The use of live or automated, facial recognition (LFR) software by law enforcement in public places is fast increasing in the UK. It enables rapid surveillance of thousands of people. However, the increased use of LFR also highlights the tricky balance between an individuals’ right to privacy and the need for police powers to keep us safe.
Whilst the use of LFR software to locate serious offenders has obvious benefits to law enforcement authorities, concerns have been raised by civil liberties groups and the Information Commissioner’s Office (ICO) about infringement of privacy and inherent bias in the technology.
LFR software analyses a person’s facial features and then compares its findings against the faces of those stored in a database (known as “watchlists”) to try to find a match. The database may include suspects, missing people and persons of interest.
In August 2016 the Metropolitan Police Service deployed LFR technology at the Notting Hill Carnival. Since June 2017 the South Wales Police has deployed LFR on a number of occasions at sports matches and other large events. More recently, in February 2020, the Metropolitan Police started using LFR cameras on London Streets.
The face of a member of the public, Edward Bridges, was scanned by South Wales police’s LFR technology, known as AFR Locate, during a pilot project whilst he attended a peaceful anti-arms protest in 2018 and was shopping for Christmas in the previous year.
Mr Bridges claimed that the processing of his image violated his privacy and data protection rights and caused him distress.
This was a significant decision and the first time the use of LFR technology has been scrutinised by our courts.
In its decision, the High Court found that South Wales Police’s use of LFR technology was lawful. However, this decision was appealed and in August 2020 the Court of Appeal overturned parts of the High Court’s decision and held that South Wales Police Force’s use of AFR technology was not in accordance with the law for the purposes of Article of the European Convention on Human Rights and was in breach of the Equality Act 2010 and Data Protection Act 2018.
Amongst other things, the Court of Appeal held that:
- the data protection impact assessment conducted by South Wales Police failed to properly assess the rights and freedoms of data subjects and failed to address the measures envisaged to mitigate the risks arising from the use of the LFR; and
- South Wales Police had not done all it reasonably could to fulfil its public sector equality duty. They had never investigated whether AFR had an unacceptable bias on grounds of race or gender. However, there was no clear evidence that the AFR was in fact biased on these grounds.
In its statement on the Court of Appeal judgment, an ICO spokesperson said:
“We welcome the Court of Appeal’s judgment that provides clarification on the police use of live facial recognition technology in public places.
“Facial recognition relies on sensitive personal data and balancing people’s right to privacy with the surveillance technology the police need to carry out their role effectively is challenging. But for the public to have trust and confidence in the police and their actions there needs to be a clear legal framework. Today’s judgment is a useful step towards providing that.”
This decision has highlighted the difficult balance between individuals’ rights to privacy and the need for police powers to keep us safe.

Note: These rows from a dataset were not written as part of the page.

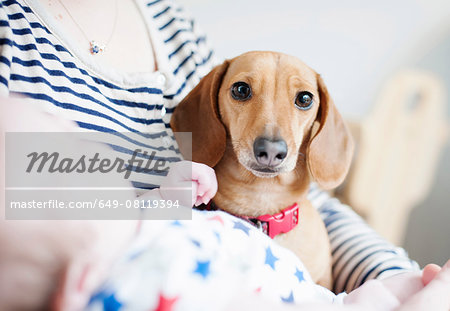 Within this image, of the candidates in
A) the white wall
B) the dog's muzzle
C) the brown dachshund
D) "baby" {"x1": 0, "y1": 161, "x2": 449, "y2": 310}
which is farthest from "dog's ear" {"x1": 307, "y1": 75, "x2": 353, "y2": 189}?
the white wall

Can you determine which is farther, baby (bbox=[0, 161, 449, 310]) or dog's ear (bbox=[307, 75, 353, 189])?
dog's ear (bbox=[307, 75, 353, 189])

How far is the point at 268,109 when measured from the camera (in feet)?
2.65

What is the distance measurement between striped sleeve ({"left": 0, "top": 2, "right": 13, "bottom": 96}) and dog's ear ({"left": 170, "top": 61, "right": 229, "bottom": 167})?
38cm

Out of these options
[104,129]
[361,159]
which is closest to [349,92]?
[361,159]

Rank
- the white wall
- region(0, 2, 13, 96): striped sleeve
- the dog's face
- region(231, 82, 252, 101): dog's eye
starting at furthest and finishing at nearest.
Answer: the white wall, region(231, 82, 252, 101): dog's eye, the dog's face, region(0, 2, 13, 96): striped sleeve

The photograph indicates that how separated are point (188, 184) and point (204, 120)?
260 millimetres

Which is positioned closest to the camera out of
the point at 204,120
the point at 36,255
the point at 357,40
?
the point at 36,255

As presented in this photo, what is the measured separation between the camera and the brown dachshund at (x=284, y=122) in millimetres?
844

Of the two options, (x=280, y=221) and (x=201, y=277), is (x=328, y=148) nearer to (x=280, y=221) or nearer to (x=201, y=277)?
(x=280, y=221)

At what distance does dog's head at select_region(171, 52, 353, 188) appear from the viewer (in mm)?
793

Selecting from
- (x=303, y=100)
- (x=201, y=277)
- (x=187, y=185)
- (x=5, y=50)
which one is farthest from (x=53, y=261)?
(x=303, y=100)

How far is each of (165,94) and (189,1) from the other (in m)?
1.13

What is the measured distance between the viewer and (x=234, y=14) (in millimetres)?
1929

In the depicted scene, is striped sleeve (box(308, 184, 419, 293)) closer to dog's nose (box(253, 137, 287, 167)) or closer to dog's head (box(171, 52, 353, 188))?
dog's head (box(171, 52, 353, 188)) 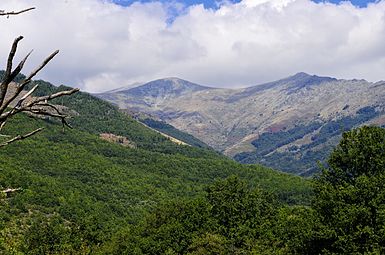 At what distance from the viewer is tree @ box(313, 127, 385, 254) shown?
3928cm

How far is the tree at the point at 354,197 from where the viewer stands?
129 ft

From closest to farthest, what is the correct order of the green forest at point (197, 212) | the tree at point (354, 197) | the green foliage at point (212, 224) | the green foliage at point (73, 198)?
1. the tree at point (354, 197)
2. the green forest at point (197, 212)
3. the green foliage at point (212, 224)
4. the green foliage at point (73, 198)

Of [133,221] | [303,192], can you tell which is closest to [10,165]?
[133,221]

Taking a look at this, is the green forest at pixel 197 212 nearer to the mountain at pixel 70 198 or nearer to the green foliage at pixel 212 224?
the green foliage at pixel 212 224

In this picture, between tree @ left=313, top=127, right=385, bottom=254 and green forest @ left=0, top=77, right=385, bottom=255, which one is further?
green forest @ left=0, top=77, right=385, bottom=255

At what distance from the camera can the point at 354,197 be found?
1629 inches

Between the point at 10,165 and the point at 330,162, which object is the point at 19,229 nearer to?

Earlier this year the ICO issued an opinion in the use of this technology by law enforcement in public places. The ICO’s opinion makes the following points:
- Data protection law applies to use of LFR because it involves the processing of personal data
- The use of LFR for law enforcement purposes is sensitive processing because it involves processing biometric data of members of the public for the purposes of uniquely identifying an individual
- Controllers must identify a lawful basis for LFR and have an appropriate policy document in place at the time of processing
- In the absence of individual consent, the processing must be “strictly necessary” for the law enforcement purposes
The ICO has raised significant concerns about the creation of watchlists that are compiled using custody images that should have been deleted from police systems or are compiled from images with uncertain provenance where accuracy may be an issue (for example sourced from social media).
The ICO also raised concerns about the potential for inherent technical bias (for example gender or ethnicity bias) in the way the LFR technology works.
In the not too distant future, we can expect to see a binding code of practice issued for police and other law enforcement agencies on the use of LFR and similar biometric technologies.
LFR technology can enable the surveillance of individuals on a massive scale. It has the potential to be a force for good – maintain public security by identifying and aiding the apprehension of criminals.
However, adequate safeguards must be put in place for this technology otherwise it could be used intrusively or inconsistently by law enforcement organisations which could undermine public confidence in its use.